Dalam Ratas yang dihadiri Kepala Negara dan jajarannya, Presiden menjelaskan bahwa masalah pertanahan terjadi tidak hanya di satu atau dua provinsi saja, melainkan hampir di seluruh Tanah Air. Dan ratas kali ini secara khusus, membahas percepatan penyelesaian permasalahan pertanahan di Sumatra Utara.
"Ratas tadi salah satunya membahas mengenai permasalahan pertanahan di Pangkalan Udara Soewondo, eks Bandara Polonia Medan, Kelurahan Sari Rejo di Medan. Presiden mengatakan akan menyelesaikan permasalahan ini secara komprehensif dan secepatnya. Maka akan dibentuk tim untuk membantu penyelesaian permasalahan tersebut," ujar Menteri ATR/Kepala BPN, Sofyan A. Djalil usai melakukan Rapat Terbatas yang membahas mengenai permasalahan pertanahan Sumatra Utara, di Istana Negara, Jakarta, Rabu (11/3).

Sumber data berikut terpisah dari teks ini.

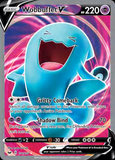 Card Keychain - Pokémon - Wobbuffet V Full Art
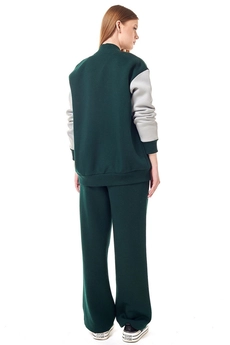 Спортивный костюм f3045b-25-02 хвоя GO wear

Lebih lanjut, Sofyan A Djalil menjelaskan bahwa pembentukan tim ditunjuk langsung oleh Presiden agar diharapkan masalah akan menemukan titik terang. "Kementerian ATR/BPN tidak bisa berdiri sendiri dalam menyelesaikan permasalahan yang terjadi. Maka dibentuk tim yang diketuai oleh Menteri BUMN dan beberapa instansi seperti Kementerian Keuangan, Kementerian ATR/BPN, serta didukung oleh Panglima TNI, Kapolri dan Jaksa Agung," kata Menteri ATR/Kepala BPN.

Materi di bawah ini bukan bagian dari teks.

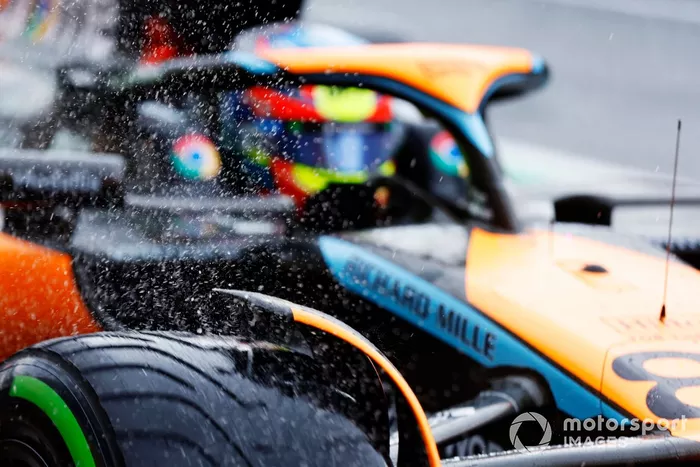 Oscar Piastri, McLaren MCL60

Sofyan A. Djalil optimistis sengketa tanah di Kelurahan Sari Rejo, Kecamatan Medan Polonia, dengan luas tanah yang merupakan aset TNI AU tersebut seluas 260 hektare yang belum bersertifikat terdapat 5.036 kepala keluarga (KK) atau 27 ribu warga, termasuk keluarga atau ahli waris penggarap tanah seluas 5,6 hektare yang telah memiliki putusan hukum dari Mahkamah Agung akan segera terselesaikan dengan bantuan dari instansi pemerintah lainnya.
Di samping itu dalam ratas kali ini, dibahas pula eks HGU PTPN II, terdapat 5.873 hektare yang telah dikeluarkan dari HGU PTPN II dan statusnya dikuasai langsung oleh negara. Dari luas tersebut, 3.104 hektare belum memperoleh izin penghapusbukuan dari Kementerian BUMN dan telah ditetapkan daftar nominatif pihak yang berhak. Sedangkan sisanya telah memperoleh izin penghapusbukuan.
Untuk itu, Sofyan Djalil mengatakan bahwa tanah PTPN II tersebut akan diserahkan kepada yang berhak menerima. "Intinya Presiden tegas mengatakan tanah ini tidak akan lagi dikembalikan kepada PTPN II tetapi akan diredistribusi kepada yang berhak," ungkap Sofyan Djalil.